On the subject of backups.

I am hoping someone has seen this kind of problem before and knows of a solution. I have a client who has file systems filled with lots of small files on the orders of hundreds of millions of files. Running something like a find on filesystem takes the better part of a week so any kind of directory walking backup tool will take even longer to run. The actual data-size for 100M files is on the order of 15TB so there is a lot of data to backup but the data only increases on the order of tens to hundreds of MB a day. Even things like xfsdump take a long time. For example I tried xfsdump on a 50M file set and it took over 2 days to complete. The only thing that seems to be workable is Veeam.
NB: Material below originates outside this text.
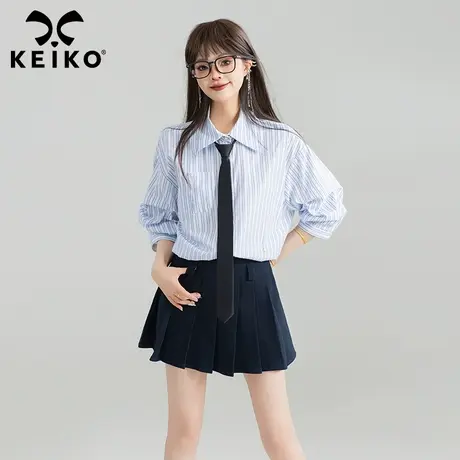 [bling烫钻] 松弛感蓝色条纹五分袖衬衫夏季通勤宽松别致中袖上衣商品大图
It will run an incremental volume snapshot in a few hours a night but I dislike adding proprietary kernel modules into the systems. -- Alvin Starr || land: (647)478-6285 Netvel Inc. || Cell: (416)806-0133 alvin@netvel.net ||

Hi Alvin, On a 2TB dataset, with +-600k files, I have piped tree to less with limited joy, it took a few hours and at least I could search for what I was looking for... - 15TB and 100M is another animal though and as disk i/o will be your bottleneck, anything will take long, no? now, for my own info/interest, can you tell me which fs is used for this ext3? On Mon, 4 May 2020 09:55:51 -0400 Alvin Starr via talk <talk@gtalug.org> wrote:
I am hoping someone has seen this kind of problem before and knows of a solution. I have a client who has file systems filled with lots of small files on the orders of hundreds of millions of files. Running something like a find on filesystem takes the better part of a week so any kind of directory walking backup tool will take even longer to run. The actual data-size for 100M files is on the order of 15TB so there is a lot of data to backup but the data only increases on the order of tens to hundreds of MB a day.
Even things like xfsdump take a long time. For example I tried xfsdump on a 50M file set and it took over 2 days to complete.
The only thing that seems to be workable is Veeam. It will run an incremental volume snapshot in a few hours a night but I dislike adding proprietary kernel modules into the systems.

I bet no one would want this advice, but it seems to me that the implementation needs to change i.e. that one big (possibly shallow) filesystem on xfs is unworkable. The best answer of course depends on the value of the data. One obvious approach is to use a filesystem/NAS with off-site replication. Typically a commerical product. At relatively modest cost, I like the truenas systems from ixsystems.com. ZFS based, HA versions available, replication can be done. The HA versions are two servers in one chassis, with dual-ported SAS disks. For do-it-yourselfers, I like using ZFS and ZFS replication of snapshots. For example, I do much (much) smaller offsites from my home to work using ZFS and zfs-replicate. You can also do freenas (non-commercial truenas) but without the HA hardware and code. Hope that helps - cheers John On Mon, 2020/05/04 09:55:51AM -0400, Alvin Starr via talk <talk@gtalug.org> wrote: | The actual data-size for 100M files is on the order of 15TB so there is a | lot of data to backup but the data only increases on the order of tens to | hundreds of MB a day.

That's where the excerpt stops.